** DATA TO USE follows **
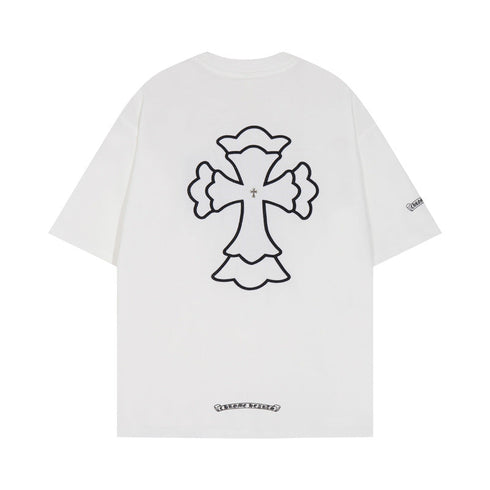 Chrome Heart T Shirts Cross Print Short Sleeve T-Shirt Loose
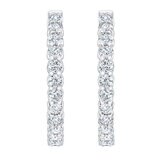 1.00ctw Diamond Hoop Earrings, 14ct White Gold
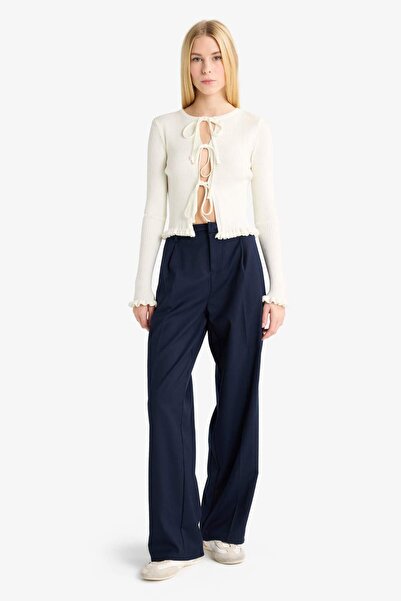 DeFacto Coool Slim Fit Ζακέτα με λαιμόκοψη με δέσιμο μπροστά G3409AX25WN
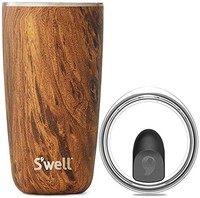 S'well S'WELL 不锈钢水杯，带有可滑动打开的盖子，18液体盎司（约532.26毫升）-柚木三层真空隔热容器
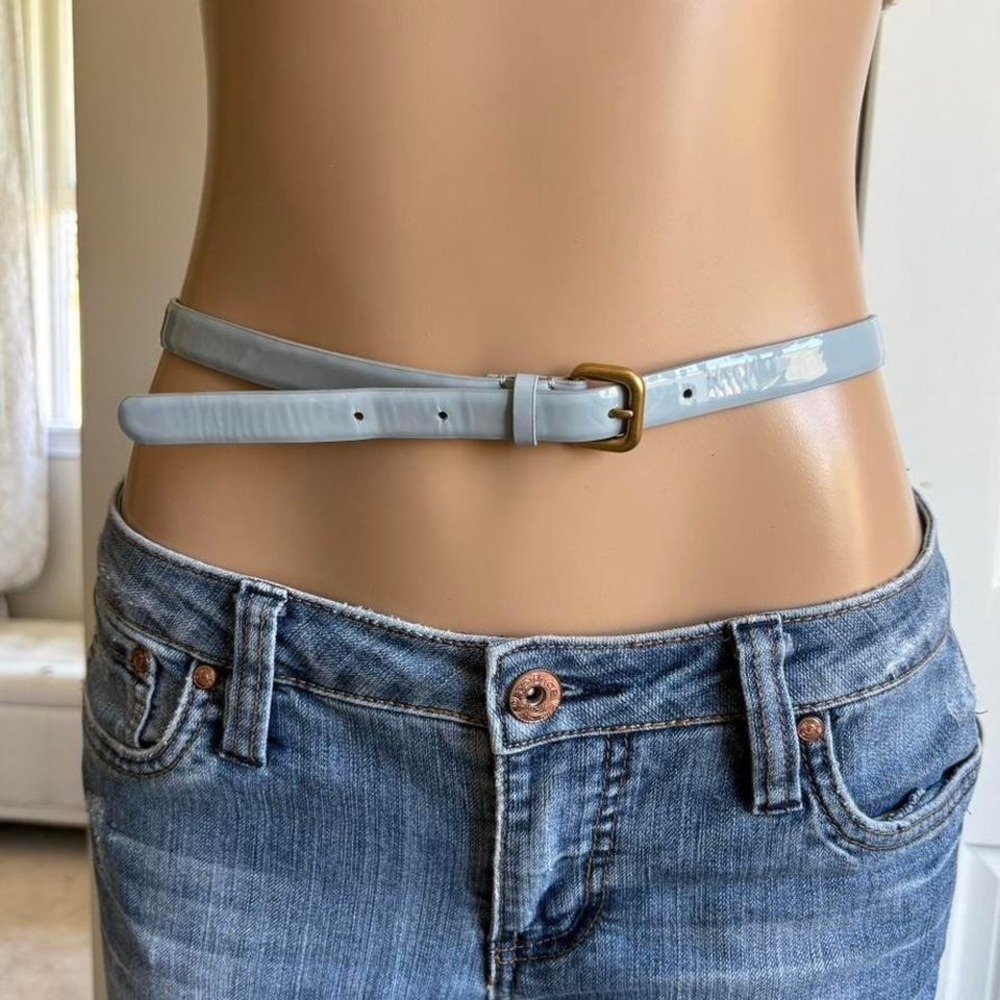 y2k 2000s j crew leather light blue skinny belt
** End of DATA TO USE **
ACTION ITEM:
Please print exactly the lines from the line containing "1.00ctw Diamond Hoop" through the end of the records above, both included, leaving out every picture.

RESULT:
 1.00ctw Diamond Hoop Earrings, 14ct White Gold
 DeFacto Coool Slim Fit Ζακέτα με λαιμόκοψη με δέσιμο μπροστά G3409AX25WN
 S'well S'WELL 不锈钢水杯，带有可滑动打开的盖子，18液体盎司（约532.26毫升）-柚木三层真空隔热容器
 y2k 2000s j crew leather light blue skinny belt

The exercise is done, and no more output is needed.